Felix Riley is a full-time British writer living in East Molesey, Surrey. Notable works include The Set Up and The Inside Job.

== Early life and studies ==
Riley was born in Essex and began his studies in Mental Philosophy at the University of Edinburgh, graduating in 1993.

== Early comedy writing career ==
Riley began his comedy career on the BBC Radio 4 satire show Week Ending.
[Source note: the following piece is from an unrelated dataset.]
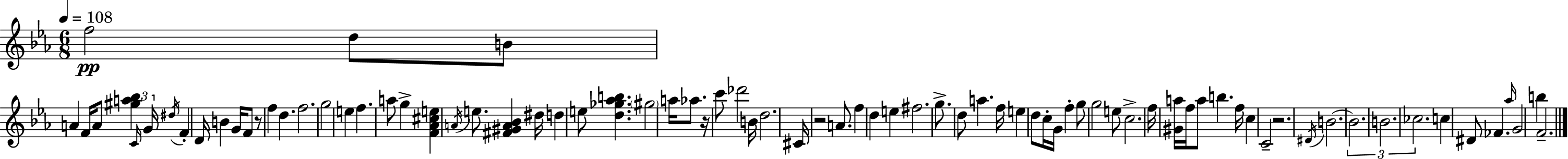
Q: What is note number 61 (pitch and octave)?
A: D#4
His involvement ran from 1993 through to 1998, including one year as Script Associate and recipient of the BBC Radio Comedy Writers Bursary.
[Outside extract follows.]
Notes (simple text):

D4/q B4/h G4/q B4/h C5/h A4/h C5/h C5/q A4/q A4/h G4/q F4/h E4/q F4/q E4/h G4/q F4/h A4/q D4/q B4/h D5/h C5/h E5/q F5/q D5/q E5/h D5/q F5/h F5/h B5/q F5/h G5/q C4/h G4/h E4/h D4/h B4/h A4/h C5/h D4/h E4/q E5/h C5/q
Some of the other radio credits during this time include The Zoë Ball Radio 1 Breakfast Show as a member of the show's posse, Cross Talk (BBC Radio 4) as Producer/writer/creator, the Simon Mayo Show (BBC Radio 1), The Scott Mill's Breakfast Show (BBC Radio 1), The Chris Moyles Show (Radio 1), Xmas Panto (BBC Radio 4 1999 with Robbie Coltrane, R. Wilson, C. Anderson, Diana Rigg, Miriam Margolyes and N. Hancock), The News Quiz (BBC Radio 4), and The News Huddlines (BBC Radio 2).

Television credits during this time included, amongst others, The Rory Bremner Show (C4), The 11 O'Clock Show (C4), The Lily Savage Show (Carlton), and The Big Breakfast (Channel 4).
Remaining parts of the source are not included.